0

I am trying to use the Viterbi min-sum algorithm which tries to find the pathway through a bunch of nodes that minimizes the overall Hamming distance (fancy term for "xor two numbers and count the resulting bits") against some fixed input.

I understand find how to use DP to compute the minimal distance overall, but I am having trouble using it to also capture the corresponding path that corresponds to the minimal distance.

It seems like memoizing the path at each node would be really memory-intensive. Is there a standard way to handle these kinds of problems?

Edit:

https://i.stack.imgur.com/wsLfg.jpg

Here is a sample trellis with what I am talking about. The general idea is to find the path through the trellis that most closely emulates the input bitstring, with minimal error (measured by minimizing overall Hamming distance, or the number of mismatched bits).

As you can see, the first chunk of my input string is 01, and I can traverse there in column 1 of the trellis. The next chunk is 10, and I can move there in column 2. Next chunk is 11. Fine so far. Next chunk is 10, which is a problem because I can't reach that state from where I am now, so I have to go to the next best thing (00) and the rest can be filled fine.

But this can become more complex. I'd need to be able to somehow get the corresponding path to the minimal Hamming distance.

(The point of this exercise is that the trellis represents what are ACTUALLY valid transitions, whereas the input string is something you receive through telecommunicationa and might get garbled and have incorrect bits here and there. This program tries to figure out what the input string SHOULD be by minimizing error).

2 Answers2

1

There's the usual "follow path backwards" technique, requiring only the table of values (but the whole table of values, no cheating with "keep only the most recent part"). The algorithm is simple: start at the end, decide which way you came from. You can make that decision, because either there's exactly one way such that if you came from it you'd compute the value that matches the stored one, or several result in the same value and it wouldn't matter which one you chose.

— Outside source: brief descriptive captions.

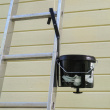 Paint can holder for ladder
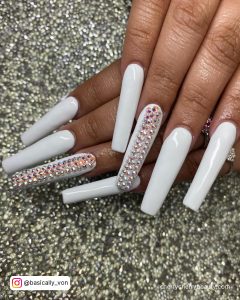 Long White Coffin Nails With Rhinestones On Middle Finger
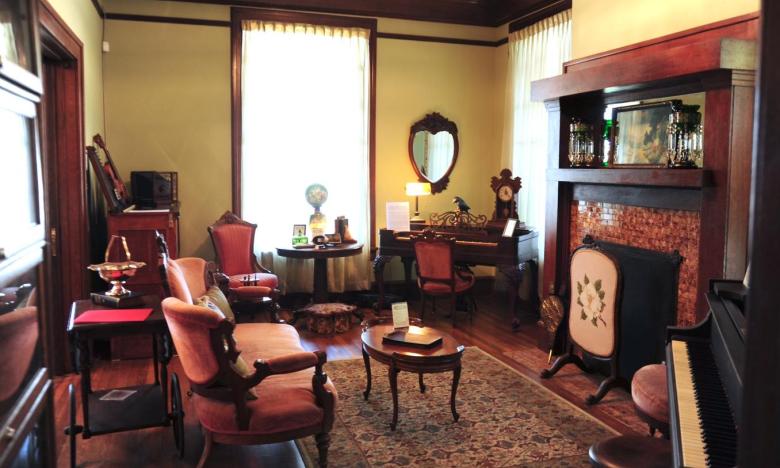 Inside the South Arkansas Heritage Museum. The front room contains items like a rose velvet mahogany set from Louis Gene's and a lamp that was owned by the grandmother of former Arkansas governor Sid McMath.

Storing also a table of "back-pointers" doesn't take much space (about as much as the table of weights, but you can actually omit most of the table of weights if you do this), doing it that way allows you to have a much simpler backwards phase: just follow the pointers. That really is the path, just stored backwards.

harold
  • 61,398
  • 6
  • 86
  • 164
  • It is precisely the "follow path backwards" technique that is considered prohibitively space expensive in many fields. Rather than storing the DP "frontier", it requires storing all past ones, which is space quadratic relative to what you need for just the numeric solution. There are ways around that that don't alter the asymptotic time complexity. – Ami Tavory Jul 16 '15 at 15:49
  • I added a picture for clarity. – Jonathan Ryder Jul 16 '15 at 15:59
  • @JonathanRyder so what's the actual scale of your problem? – harold Jul 16 '15 at 16:40
  • @harold the number of states (rows) is not large -- maybe <200. The number of columns though might be several hundred. – Jonathan Ryder Jul 16 '15 at 16:43
  • @JonathanRyder so that's nothing - let's say it's 200*1000, that's about 200KB if you use bytes for the backpointers – harold Jul 16 '15 at 16:46
  • @harold I am embarrassed to admit I do not fully understand how backpointers would work. Looking to my example that I posted, I assume I start from the "end" (row 0, state 7) in my table, and then I recurse back to all valid states until I hit the start (row 0, state 0). When/where would I store "pointers"? Would this be a separate cache? One for minimal distance, one for pointers? – Jonathan Ryder Jul 16 '15 at 16:49
  • @JonathanRyder yes in a separate table. Only the one needs to be full-sized then, you can use the usual "two columns" trick for the weight then since you don't need them all anymore. BTW what recursion? It's just a loop right? – harold Jul 16 '15 at 16:56
  • @harold I guess it could be done either way (DP can either be done as recursion with memo or by looping over arrays). – Jonathan Ryder Jul 16 '15 at 16:58
  • @JonathanRyder I suppose, but can you still optimize the space in that case? – harold Jul 16 '15 at 16:59
  • @harold No idea. I figure they both require the same amount of space. – Jonathan Ryder Jul 16 '15 at 17:09
1

You are correct that the immediate approach for calculating the paths, is space expensive.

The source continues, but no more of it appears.